Pörnbach (DK) Ob es in Strömen regnet oder die Sonne scheint – nichts hält Gol Dawagol ab: Zielstrebig begibt er sich in Richtung Schulgebäude. Dort nämlich erwartet den Asylbewerber aus Afghanistan, der in Pörnbach eine zumindest vorübergehende Heimat gefunden hat, ein Deutschkurs.

An der Tür empfängt Arleta Weingärtner den jungen Mann. Sie ist Dozentin an der Volkshochschule und unterrichtet Deutsch als Fremdsprache. Insgesamt zehn Flüchtlinge aus Syrien, Pakistan und Afghanistan haben in dem kleinen Ort mit der bekannten Brauerei ein Anrecht auf kostenlosen Unterricht.

Leicht ist das allerdings weder für die Flüchtlinge noch für die Dozenten. „Die Menschen haben einen sehr unterschiedlichen Bildungshintergrund“, erzählt Weingärtner. Da sitzt ein Analphabet, der zu Hause keine Schule besuchen durfte, neben einem Uniabsolventen. Und jemand, der nur arabische Schriftzeichen lesen kann, neben einem, der gleich mehrere Fremdsprachen beherrscht. „Zum Glück sprechen drei von ihnen sehr gut Englisch und können ein wenig übersetzen“, freut sich die Dozentin. Denn wenn jemand kein einziges Wort versteht, ist die Vermittlung wichtiger Informationen schwierig. „Manche haben zum Beispiel zunächst gar nicht verstanden, dass es einen Deutschkurs für sie gibt“, weiß die Lehrerin. Für sie zählen zur Integrationshilfe auch grundlegende Hinweise auf kulturelle Gepflogenheiten hierzulande – wie etwa die Pünktlichkeit.

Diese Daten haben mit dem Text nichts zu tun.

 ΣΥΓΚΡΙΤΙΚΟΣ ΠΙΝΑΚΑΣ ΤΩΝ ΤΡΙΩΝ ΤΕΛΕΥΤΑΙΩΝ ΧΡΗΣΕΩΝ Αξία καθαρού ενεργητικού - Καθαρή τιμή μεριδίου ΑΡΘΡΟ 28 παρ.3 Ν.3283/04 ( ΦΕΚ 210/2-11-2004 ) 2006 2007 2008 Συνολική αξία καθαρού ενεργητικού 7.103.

Mittlerweile sind auch Saquib Bashir, Adil Hussein und Salman Hussain durchnässt in dem kleinen Raum im Obergeschoss eingetroffen. Radebrechend versuchen sie, ihre Kollegen zu entschuldigen. „Musste Minchen“ oder „ist krank“, so die Begründung. Stolz stellen sie sich dann der Reporterin vor. Für ein wenig Smalltalk reichen ihre Kenntnisse schon.

Eigentlich habe sie ja, wie ansonsten bei Erwachsenensprachkursen üblich, zur Auflockerung mit Familienfotos oder Gegenständen arbeiten wollen, sagt ihre Lehrerin. „Dann musste ich aber schnell feststellen, dass diese Menschen nichts besitzen außer dem, was sie am Leib tragen konnten.“ Die Familie existiert für viele nur als „Bild im Kopf und im Herz“, wie es einmal eine junge Frau aus Uganda formulierte.

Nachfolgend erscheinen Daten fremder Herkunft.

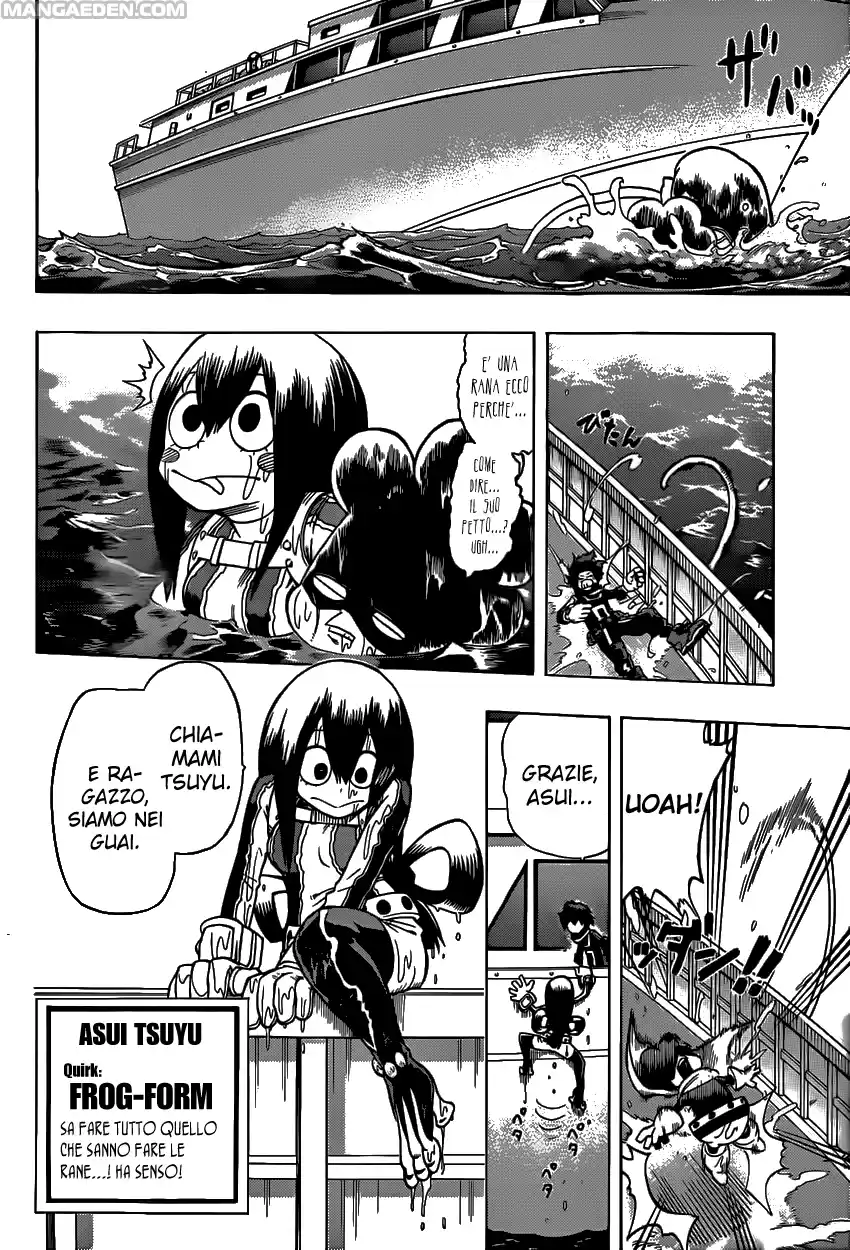 Read Boku No Hero Academia IT Manga Online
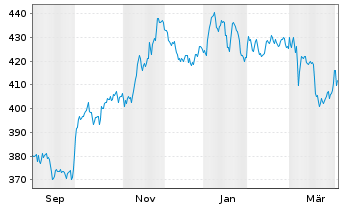 Chart JPMorgan Fds-Glob.Healthcar.Fd Hc.A(dis)USD - 1 Year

Dennoch macht Weingärtner die Arbeit Spaß, weil ihre Schüler motiviert sind. Jener, der Buchstaben anfangs nicht entziffern konnte, „ist besonders eifrig dabei“. Er sei immer bestens vorbereitet, lerne schnell. Wie seine Kurskameraden will er über die gewährten Stunden hinaus gerne weiter machen.

Und dank Uwe Böhnel wird es eine Fortsetzung geben. Der pensionierte, ehemalige Leiter der Schule in Baar-Ebenhausen, wird ehrenamtlich mit dem vom Landratsamt bereitgestellten Lehrmaterial weiter arbeiten. Für den erfahrenen Pädagogen, der vielen türkischen Kindern in Intensivkursen Deutsch beigebracht hat, ist „Sprache die Basis der Integration“.

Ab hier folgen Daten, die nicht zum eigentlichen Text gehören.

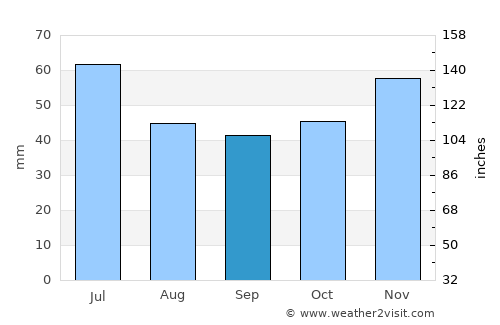 Gabrovo average rain in September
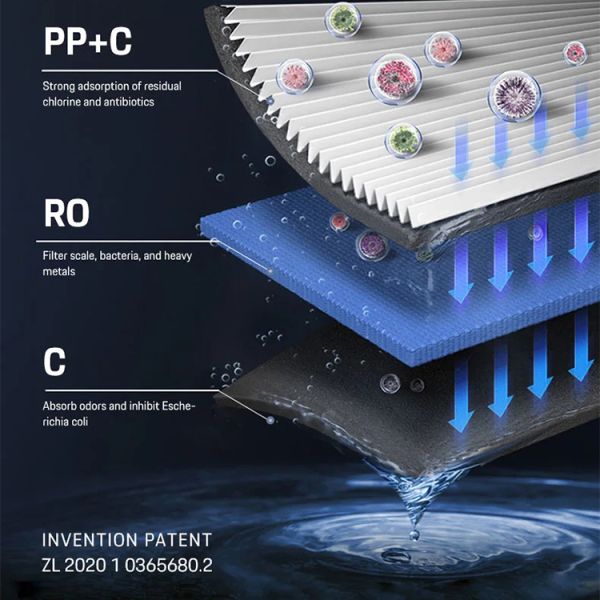 Minerals Alkaline Water Filter 5 Stage Reverse Osmosis Uv Water Filter Ro System Drinking Water Purifier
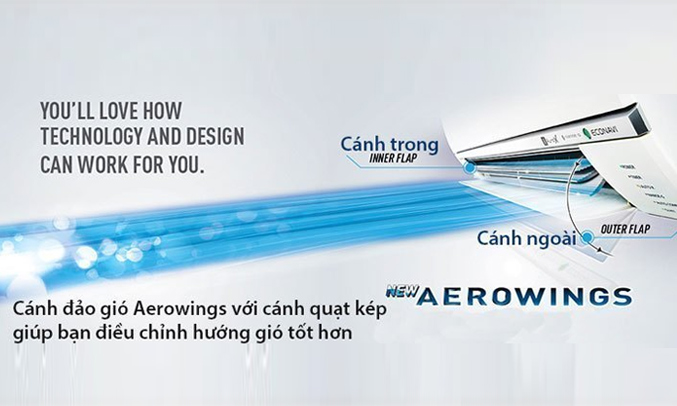 Hoạt động mạnh mẽ với cánh đảo gió kép Aerowings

„Auch an anderen Orten im Landkreis engagieren sich Bürger und unterrichten Asylbewerber ohne Bezahlung“, sagt Christian Huber von der Landkreisverwaltung. Auch er weiß: Je mehr sprachliche Kenntnisse, desto weniger Missverständnisse – nicht nur in puncto Versorgung und Orientierung, sondern auch auf zwischenmenschlicher Ebene. Und dann hört man Sätze wie die von Salman und Gol: „Isch nette Nachbarn“ oder „Alle hier gut zu mir“.